- **Data shown**:
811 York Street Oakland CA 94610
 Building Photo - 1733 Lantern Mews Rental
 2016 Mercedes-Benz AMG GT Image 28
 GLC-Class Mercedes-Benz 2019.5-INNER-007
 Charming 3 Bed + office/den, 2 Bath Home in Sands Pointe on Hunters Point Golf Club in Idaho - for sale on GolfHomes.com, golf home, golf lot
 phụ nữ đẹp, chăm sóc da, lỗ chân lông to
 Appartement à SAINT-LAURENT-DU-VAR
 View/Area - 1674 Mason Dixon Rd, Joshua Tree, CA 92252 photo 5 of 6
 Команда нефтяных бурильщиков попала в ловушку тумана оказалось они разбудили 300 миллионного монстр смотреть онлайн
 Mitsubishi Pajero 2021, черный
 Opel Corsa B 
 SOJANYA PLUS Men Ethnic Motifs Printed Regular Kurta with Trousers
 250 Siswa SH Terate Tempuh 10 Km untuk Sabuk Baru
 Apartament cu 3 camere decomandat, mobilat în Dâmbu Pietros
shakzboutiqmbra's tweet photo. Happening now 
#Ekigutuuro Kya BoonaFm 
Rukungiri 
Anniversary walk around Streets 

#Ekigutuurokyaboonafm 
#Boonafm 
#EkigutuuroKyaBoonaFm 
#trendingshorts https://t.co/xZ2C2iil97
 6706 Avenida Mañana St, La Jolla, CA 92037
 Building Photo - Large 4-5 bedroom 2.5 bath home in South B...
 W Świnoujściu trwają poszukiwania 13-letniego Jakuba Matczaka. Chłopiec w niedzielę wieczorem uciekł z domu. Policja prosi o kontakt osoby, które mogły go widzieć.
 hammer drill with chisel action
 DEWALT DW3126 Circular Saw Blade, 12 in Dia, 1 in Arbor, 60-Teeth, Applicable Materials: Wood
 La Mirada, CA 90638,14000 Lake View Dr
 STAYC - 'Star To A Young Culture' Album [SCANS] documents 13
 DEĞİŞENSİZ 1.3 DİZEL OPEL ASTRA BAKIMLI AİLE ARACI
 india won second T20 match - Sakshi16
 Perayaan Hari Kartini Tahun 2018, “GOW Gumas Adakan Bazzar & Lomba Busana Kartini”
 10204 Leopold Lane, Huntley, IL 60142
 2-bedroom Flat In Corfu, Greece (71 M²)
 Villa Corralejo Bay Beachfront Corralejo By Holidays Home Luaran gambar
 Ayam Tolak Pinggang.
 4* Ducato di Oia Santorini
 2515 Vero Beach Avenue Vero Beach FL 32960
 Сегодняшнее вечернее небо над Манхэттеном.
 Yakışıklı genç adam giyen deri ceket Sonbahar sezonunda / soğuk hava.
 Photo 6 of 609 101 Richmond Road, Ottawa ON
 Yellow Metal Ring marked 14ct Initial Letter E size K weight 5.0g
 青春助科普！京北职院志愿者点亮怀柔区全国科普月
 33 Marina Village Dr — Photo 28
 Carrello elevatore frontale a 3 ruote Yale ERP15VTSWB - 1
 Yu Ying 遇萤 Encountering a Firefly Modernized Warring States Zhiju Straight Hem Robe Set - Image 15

- **Directions for this task**: Return all of the entries exactly as they were supplied.

- **Result**:
811 York Street Oakland CA 94610
 Building Photo - 1733 Lantern Mews Rental
 2016 Mercedes-Benz AMG GT Image 28
 GLC-Class Mercedes-Benz 2019.5-INNER-007
 Charming 3 Bed + office/den, 2 Bath Home in Sands Pointe on Hunters Point Golf Club in Idaho - for sale on GolfHomes.com, golf home, golf lot
 phụ nữ đẹp, chăm sóc da, lỗ chân lông to
 Appartement à SAINT-LAURENT-DU-VAR
 View/Area - 1674 Mason Dixon Rd, Joshua Tree, CA 92252 photo 5 of 6
 Команда нефтяных бурильщиков попала в ловушку тумана оказалось они разбудили 300 миллионного монстр смотреть онлайн
 Mitsubishi Pajero 2021, черный
 Opel Corsa B 
 SOJANYA PLUS Men Ethnic Motifs Printed Regular Kurta with Trousers
 250 Siswa SH Terate Tempuh 10 Km untuk Sabuk Baru
 Apartament cu 3 camere decomandat, mobilat în Dâmbu Pietros
shakzboutiqmbra's tweet photo. Happening now 
#Ekigutuuro Kya BoonaFm 
Rukungiri 
Anniversary walk around Streets 

#Ekigutuurokyaboonafm 
#Boonafm 
#EkigutuuroKyaBoonaFm 
#trendingshorts https://t.co/xZ2C2iil97
 6706 Avenida Mañana St, La Jolla, CA 92037
 Building Photo - Large 4-5 bedroom 2.5 bath home in South B...
 W Świnoujściu trwają poszukiwania 13-letniego Jakuba Matczaka. Chłopiec w niedzielę wieczorem uciekł z domu. Policja prosi o kontakt osoby, które mogły go widzieć.
 hammer drill with chisel action
 DEWALT DW3126 Circular Saw Blade, 12 in Dia, 1 in Arbor, 60-Teeth, Applicable Materials: Wood
 La Mirada, CA 90638,14000 Lake View Dr
 STAYC - 'Star To A Young Culture' Album [SCANS] documents 13
 DEĞİŞENSİZ 1.3 DİZEL OPEL ASTRA BAKIMLI AİLE ARACI
 india won second T20 match - Sakshi16
 Perayaan Hari Kartini Tahun 2018, “GOW Gumas Adakan Bazzar & Lomba Busana Kartini”
 10204 Leopold Lane, Huntley, IL 60142
 2-bedroom Flat In Corfu, Greece (71 M²)
 Villa Corralejo Bay Beachfront Corralejo By Holidays Home Luaran gambar
 Ayam Tolak Pinggang.
 4* Ducato di Oia Santorini
 2515 Vero Beach Avenue Vero Beach FL 32960
 Сегодняшнее вечернее небо над Манхэттеном.
 Yakışıklı genç adam giyen deri ceket Sonbahar sezonunda / soğuk hava.
 Photo 6 of 609 101 Richmond Road, Ottawa ON
 Yellow Metal Ring marked 14ct Initial Letter E size K weight 5.0g
 青春助科普！京北职院志愿者点亮怀柔区全国科普月
 33 Marina Village Dr — Photo 28
 Carrello elevatore frontale a 3 ruote Yale ERP15VTSWB - 1
 Yu Ying 遇萤 Encountering a Firefly Modernized Warring States Zhiju Straight Hem Robe Set - Image 15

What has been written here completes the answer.